His experience with cold fusion, where "impossible" was the main reason for rejection in 1989-1990, and where he was one of the independent replicators who supposedly don't exist (having been retained by the Electric Power Research Institute to investigate), has led him to be, perhaps, more credulous than your average energy expert.

He's clearly relying on representations, and Rohner was reading an email from McKubre saying things that McKubre explicitly said in the email, he didn't want revealed publicly. I've seen other such communications from researchers. They respond to an inventor assuming that the inventor is telling them the truth, and has actually seen what is being reported. It's like an attorney with a client: the attorney, in advising the client, will assume that the client is telling them the truth. That is not a testimony that the client is telling the truth!

McKubre refers to an independent test that was done. Without specific information about that test, it's not possible to understand the significance.

What McKubre does with his comment is increase the credibility of Rohner, and there is nothing wrong with that, per se.
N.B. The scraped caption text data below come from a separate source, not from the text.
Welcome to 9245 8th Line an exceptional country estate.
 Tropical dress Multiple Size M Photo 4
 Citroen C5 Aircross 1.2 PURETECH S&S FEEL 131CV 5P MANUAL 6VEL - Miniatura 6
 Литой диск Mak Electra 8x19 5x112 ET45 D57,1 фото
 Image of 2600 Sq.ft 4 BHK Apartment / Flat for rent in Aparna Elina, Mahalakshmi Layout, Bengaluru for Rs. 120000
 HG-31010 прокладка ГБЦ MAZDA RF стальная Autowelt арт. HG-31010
The Papp Engine has a lot of history that makes the claim of reality of the Papp Effect seem *possibly* true.

Yet we cannot rely upon this reality until there is substantially more available. McKubre would be, with his comment, encouraging Bob Rohner to continue his work. And he would be encouraging independent testing. 10:1 COP is impressive. There are *demonstrations* where the machine ran with no input, unless there was fraud.

There *was* a kind of fraud involved with the Papp Engine. Papp took people's money and promised them returns. The implied assumption there would be that he would spend their money in ways that would produce a return for them. He didn't. He spent much of the money on himself. And he held on to his secrets and died with them, apparently. Others may have later figured out what was necessary (specifically, the formula for the fuel). Or not.

I disagree with McKubre in his comments about "nuclear" as being necessary. The high energy density and long operation without refueling or exhaust does indicate nuclear energy, but, bottom line, the energy source is unknown, and McKubre knows that. The assumption of "nuclear" with cold fusion, before the specific nuclear evidence was known, caused a lot of damage. If the Papp Engine is fueled by a nuclear transmutation, we don't know what the fuel and ash are. With the long operation, it should be easy to find, if this is a nuclear reaction. We have no information on this.

It seems so many people want to give a name to the cause of something, before we know enough. They vary in that. Some give it the name of "unidentified error or fraud." Different strokes for different folks.

From the energy density in PdD cold fusion, Pons and Fleischmann called it an "unknown nuclear reaction." Fleischmann later wrote that he wished he'd never mentioned "nuclear," but had only published in some obscure electrochemistry journal about high levels of anomalous heat, observed under such and such conditions. Let some physicist proclaim that it was nuclear, after finding specific evidence for that.

(To be fair, Pons and Fleischmann thought they had observed neutrons. Not enough to explain the heat, not nearly enough. That was artifact, and that it was quickly shown to be artifact was one of the factors that demolished the reputation of cold fusion in 1989-1990.)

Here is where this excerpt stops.